Most go-to-market plans assume a direct relationship between activity and outcome:

  • More outreach → more conversations
  • More conversations → more pipeline
  • More pipeline → more revenue

This works reasonably well in:

  • Established markets
  • Lower ACV products
  • Transactional sales cycles

But it breaks down quickly when you introduce:

  • $1M+ deal sizes
  • Multi-stakeholder buying committees
  • Regulatory constraints
  • High trust thresholds

In those environments, early activity doesn’t immediately translate into visible pipeline.

And that’s where most teams start to question whether things are working.

The Reality: A “Hockey Stick” Curve

Finding product-market fit in a new market doesn’t look like a straight line.

It looks like a hockey stick.

There’s an initial period where:

  • Conversations increase
  • Market understanding deepens
  • Messaging sharpens
  • Relationships form

But visible outcomes (pipeline, revenue) lag behind.

From the outside, this phase can look flat.

Internally, it’s anything but.

What’s Actually Happening in the “Flat” Phase

That early phase is where the most important work happens:

1. Market Understanding Is Being Built

You’re learning:

  • Who actually feels the problem
  • How they describe it
  • What triggers action vs. indifference

This can’t be shortcut.

2. Trust Is Being Established

In markets like healthcare, people don’t engage with vendors—they engage with trusted partners.

Trust is built through:

  • Repeated exposure
  • Credible conversations
  • Peer validation
  • Proof over time

This takes cycles, not campaigns.

3. The Right Entry Point Is Discovered

What you think is the buyer at the start is often not the buyer that converts.

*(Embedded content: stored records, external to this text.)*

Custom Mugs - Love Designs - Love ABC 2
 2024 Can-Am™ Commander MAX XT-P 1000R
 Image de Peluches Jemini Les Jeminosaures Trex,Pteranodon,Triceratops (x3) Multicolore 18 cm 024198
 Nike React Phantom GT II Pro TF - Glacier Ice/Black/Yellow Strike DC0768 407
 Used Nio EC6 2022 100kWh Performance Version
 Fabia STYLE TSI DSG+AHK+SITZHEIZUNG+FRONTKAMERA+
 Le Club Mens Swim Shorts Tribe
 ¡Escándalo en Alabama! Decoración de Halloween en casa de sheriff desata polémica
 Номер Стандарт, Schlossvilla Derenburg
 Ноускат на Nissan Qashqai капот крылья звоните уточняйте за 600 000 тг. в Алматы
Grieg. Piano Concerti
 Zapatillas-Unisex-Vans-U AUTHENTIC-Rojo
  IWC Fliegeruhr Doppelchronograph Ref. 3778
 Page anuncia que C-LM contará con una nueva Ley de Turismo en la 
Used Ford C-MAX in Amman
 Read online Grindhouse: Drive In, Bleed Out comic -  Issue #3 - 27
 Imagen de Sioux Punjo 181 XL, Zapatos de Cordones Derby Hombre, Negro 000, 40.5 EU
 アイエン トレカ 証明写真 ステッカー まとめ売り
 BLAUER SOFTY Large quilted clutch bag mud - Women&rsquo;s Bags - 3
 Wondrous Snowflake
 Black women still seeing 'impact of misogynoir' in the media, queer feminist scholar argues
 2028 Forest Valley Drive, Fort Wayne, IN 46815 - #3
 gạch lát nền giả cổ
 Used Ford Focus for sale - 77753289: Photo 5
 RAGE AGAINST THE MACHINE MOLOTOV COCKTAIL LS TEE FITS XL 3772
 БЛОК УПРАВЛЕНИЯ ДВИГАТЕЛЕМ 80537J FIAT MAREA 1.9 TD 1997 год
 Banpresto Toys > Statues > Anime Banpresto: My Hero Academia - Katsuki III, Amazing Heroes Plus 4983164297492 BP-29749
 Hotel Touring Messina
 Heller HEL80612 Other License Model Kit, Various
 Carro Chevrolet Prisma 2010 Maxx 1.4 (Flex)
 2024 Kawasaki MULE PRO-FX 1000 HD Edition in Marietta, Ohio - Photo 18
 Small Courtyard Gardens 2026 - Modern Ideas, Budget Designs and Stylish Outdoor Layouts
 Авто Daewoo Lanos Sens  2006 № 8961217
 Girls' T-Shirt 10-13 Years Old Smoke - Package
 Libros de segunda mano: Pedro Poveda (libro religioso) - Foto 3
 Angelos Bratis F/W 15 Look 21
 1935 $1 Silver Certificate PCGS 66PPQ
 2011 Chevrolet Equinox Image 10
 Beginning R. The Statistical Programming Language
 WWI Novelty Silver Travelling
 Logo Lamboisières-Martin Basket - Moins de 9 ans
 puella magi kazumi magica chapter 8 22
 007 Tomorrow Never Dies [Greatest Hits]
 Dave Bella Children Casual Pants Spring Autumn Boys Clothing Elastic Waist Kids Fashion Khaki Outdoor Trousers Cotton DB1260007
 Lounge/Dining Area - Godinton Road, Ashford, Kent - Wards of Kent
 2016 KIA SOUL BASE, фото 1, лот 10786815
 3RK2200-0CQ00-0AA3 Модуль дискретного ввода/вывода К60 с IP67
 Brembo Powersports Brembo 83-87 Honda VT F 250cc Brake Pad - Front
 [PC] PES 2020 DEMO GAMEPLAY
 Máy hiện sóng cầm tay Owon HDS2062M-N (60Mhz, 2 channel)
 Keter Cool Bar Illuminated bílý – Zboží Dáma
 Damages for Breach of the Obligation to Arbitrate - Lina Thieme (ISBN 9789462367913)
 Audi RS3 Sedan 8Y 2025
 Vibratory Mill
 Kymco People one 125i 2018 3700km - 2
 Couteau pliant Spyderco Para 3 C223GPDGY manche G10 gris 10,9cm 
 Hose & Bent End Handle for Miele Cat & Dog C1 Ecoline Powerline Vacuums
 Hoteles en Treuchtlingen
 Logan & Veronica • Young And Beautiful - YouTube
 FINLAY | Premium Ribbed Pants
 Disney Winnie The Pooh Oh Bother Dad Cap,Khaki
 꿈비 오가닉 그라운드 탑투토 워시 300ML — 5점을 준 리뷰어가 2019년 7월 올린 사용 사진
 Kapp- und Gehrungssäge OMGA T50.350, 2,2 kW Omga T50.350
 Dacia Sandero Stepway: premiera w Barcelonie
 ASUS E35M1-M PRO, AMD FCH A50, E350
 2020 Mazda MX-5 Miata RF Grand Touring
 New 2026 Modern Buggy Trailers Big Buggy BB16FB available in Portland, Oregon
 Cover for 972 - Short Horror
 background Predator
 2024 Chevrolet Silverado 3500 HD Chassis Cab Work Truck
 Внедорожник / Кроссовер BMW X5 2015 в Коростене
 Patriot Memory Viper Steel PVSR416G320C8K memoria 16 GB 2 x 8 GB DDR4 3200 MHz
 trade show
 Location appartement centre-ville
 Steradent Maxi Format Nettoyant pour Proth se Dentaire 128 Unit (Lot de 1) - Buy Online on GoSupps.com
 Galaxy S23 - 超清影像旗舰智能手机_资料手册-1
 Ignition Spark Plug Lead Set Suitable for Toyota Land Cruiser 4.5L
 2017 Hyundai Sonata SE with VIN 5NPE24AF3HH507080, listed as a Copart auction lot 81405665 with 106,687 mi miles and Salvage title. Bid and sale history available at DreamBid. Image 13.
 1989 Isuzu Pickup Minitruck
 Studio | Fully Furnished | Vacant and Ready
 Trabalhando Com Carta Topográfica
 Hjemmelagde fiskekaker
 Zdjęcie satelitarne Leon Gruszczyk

Early traction work reveals:

  • The real economic buyer
  • The internal champions
  • The fastest path to adoption

This is often the difference between:

  • Burning budget on the wrong audience
  • Unlocking a scalable channel

4. Signal Is Separated From Noise

Not all engagement is equal.

The goal early on is not volume—it’s signal:

  • Who leans in
  • Who responds with intent
  • Who is worth pursuing further

That signal becomes the foundation of pipeline.

When Product-Market Fit Clicks

At some point, something changes.

  • Conversations get easier
  • Messaging lands faster
  • Sales cycles shorten
  • Internal alignment on the buyer side improves

What felt slow suddenly accelerates.

This is the inflection point—when product-market fit begins to emerge.

And when it does, growth stops being linear and starts compounding.

Why This Matters for Early Metrics

If you measure early traction using only end-state metrics (pipeline, revenue, win rate), you’ll miss what’s actually happening.

Those metrics are outputs of product-market fit, not indicators of whether you’re finding it.

Early on, the more accurate indicators are:

  • Quality of conversations
  • Engagement rates vs. benchmarks
  • Speed of learning and iteration
  • Emergence of repeatable patterns

These are the signals that precede scale.

The Takeaway

If early traction feels slower than expected, it doesn’t necessarily mean something is wrong.

In many cases, it means you’re doing the right work—just before it becomes visible.

Especially in:

  • New markets
  • High ACV enterprise sales
  • Regulated, trust-driven environments

The path to growth isn’t linear.

It’s a hockey stick.

And everything that feels “flat” at the beginning is what makes the curve possible later.

Final Thought

The companies that succeed in these environments aren’t the ones that try to force early linear growth.

They’re the ones that:

  • Stay disciplined in the learning phase
  • Focus on signal over volume
  • Build trust before scaling

Because once product-market fit clicks, growth doesn’t need to be forced. It starts to pull.